PROVIDED MATERIAL:
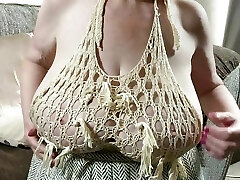 Mature Sally's huge fun bags in a skimpy top which leaves nothing to the imagination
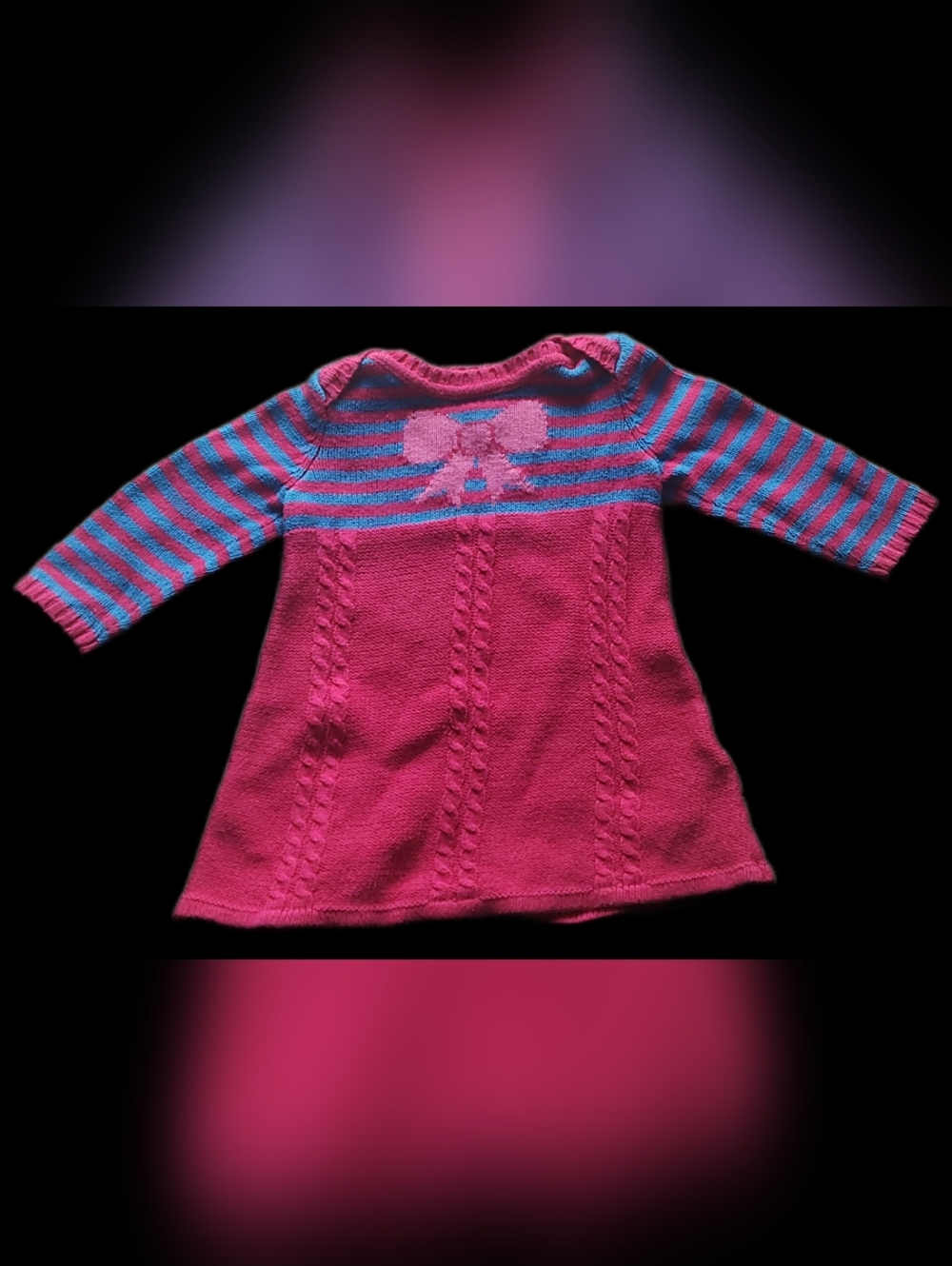 #KI32 Place Pink and Blue Striped Knit Sweater with Bow Motif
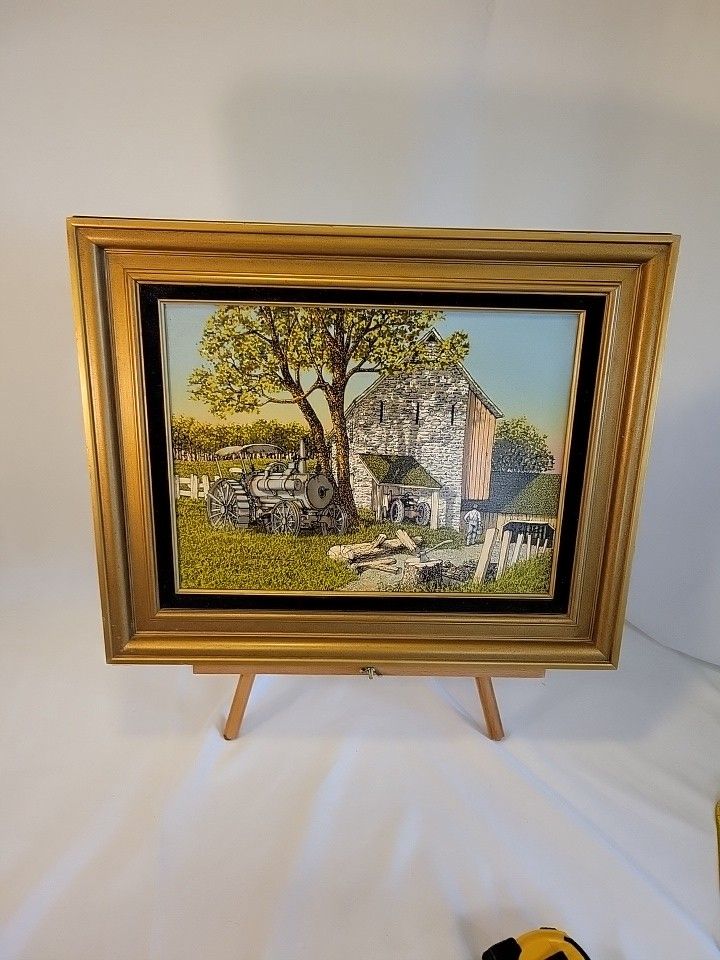 H HARGROVE TRACTOR BARN FRAMED SERIGRAPH SIGNED OIL CANVAS 12X16 ART PAINTING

WHAT THE EXERCISE ASKS:
Copy each line above exactly. Images do not belong in the copy.

COMPLETED EXERCISE:
 Mature Sally's huge fun bags in a skimpy top which leaves nothing to the imagination
 #KI32 Place Pink and Blue Striped Knit Sweater with Bow Motif
 H HARGROVE TRACTOR BARN FRAMED SERIGRAPH SIGNED OIL CANVAS 12X16 ART PAINTING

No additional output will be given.